Desde temprana edad mostré un gran apego a la lectura, poco usual en esas edades, que fue en aumento día a día. Crecí entre libros y ello me fue enseñando el valor inigualable de la lengua y de la literatura. Verme hoy en este insigne espacio, cuya historia recoge la simbología que representa su nombre, «paraninfo», en su origen, el lugar al lado de la ninfa, para pasar a designar el lugar donde se daba una buena noticia, y culminar con el sentido de hoy día, el espacio de una universidad donde se otorgan los grados académicos me produce una profunda emoción que no puede ni debe ser ocultada. Ello sería una falta de sinceridad.
Así veo cristalizar el sueño que se alimentó con la inquietud de los números y su vinculación con las letras, con la historia, y, por supuesto, con la Filosofía; esta última me ayudó a conseguir un punto de convergencia en disciplinas tan variadas. Mi formación ha sido un recorrido que bien podría equipararse con el viaje del protagonista de Los pasos perdidos de Alejo Carpentier, como he descrito alguna vez. Este personaje busca el origen de la música y se encuentra con la selva venezolana donde hace su gran descubrimiento: allí es donde se siente mejor conectado consigo mismo.

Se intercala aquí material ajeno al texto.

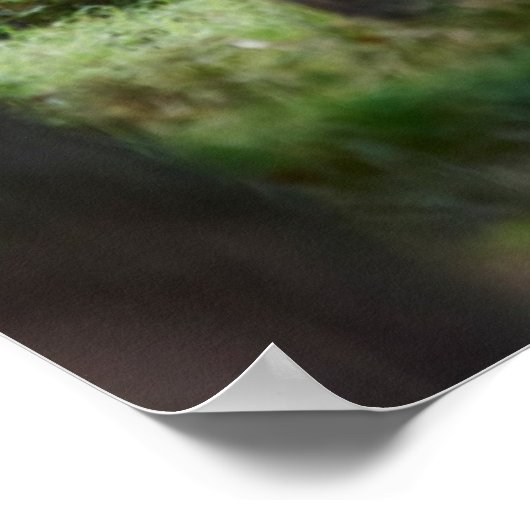 Wälder | Wälder und Rotwild Poster (Ecke)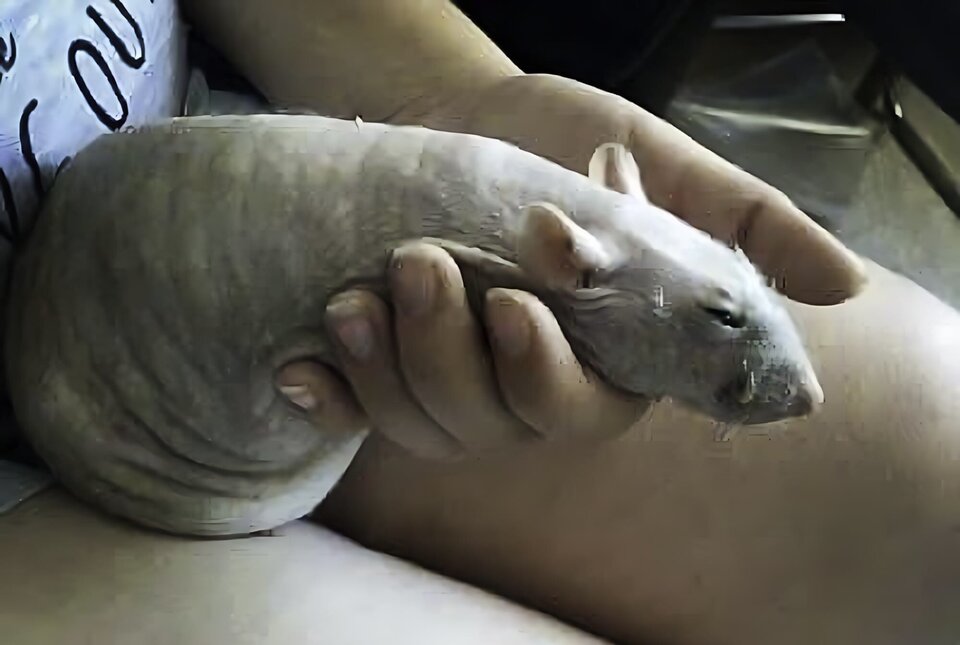 IMG_3599.jpeg - Maki5922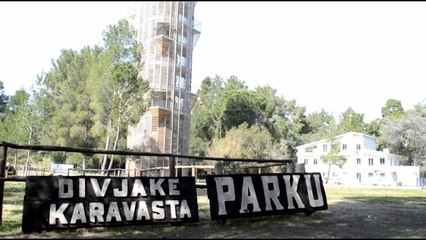 'Qetësi dhe mrekulli'| Turistët mahniten nga Divjaka: Perlë e Shqipërisë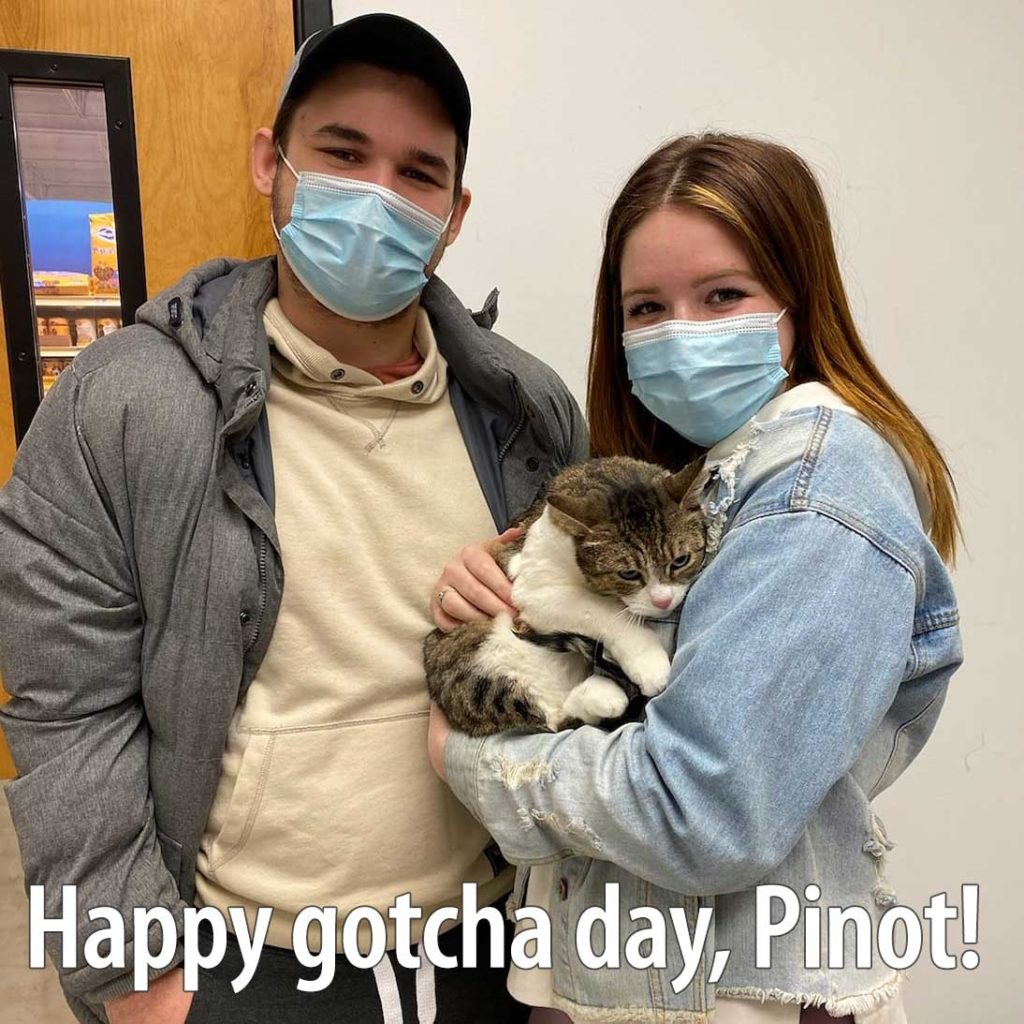 Pinot's Story: from Scaredy Cat to Snuggly Cat - A.R.F.-Animal Rescue Foundation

Yo también he girado en el cosmos filosófico, buscando esa conexión del mundo de los números con el Ser y de éste con la lengua, expresión del espíritu de una nación. Así me relacioné con los Pitagóricos para encontrar la Harmonía; paseé con Platón por la Caverna buscando el número para distinguirlo de la apariencia física sensible; caminé peripatéticamente con Aristóteles para adiestrarme en Lógica; visité a los escolásticos en el medievo; allí me detuve en el Trívium y el Quadrivium; volé en medio de Descartes y Kant; aterricé de un plumazo en Wittgenstein y hoy, trato de “argumentar” ante ustedes cómo ahora, en la selva venezolana, a lo Carpentier, pude encontrar esos pasos perdidos de mi primera juventud y he logrado conjugar la Historia, las Matemáticas, la Literatura y la Filosofía, hermanadas en una hermosa Tierra de Gracia, donde buscamos con firmeza y determinación rescatar la dignidad de cada venezolano.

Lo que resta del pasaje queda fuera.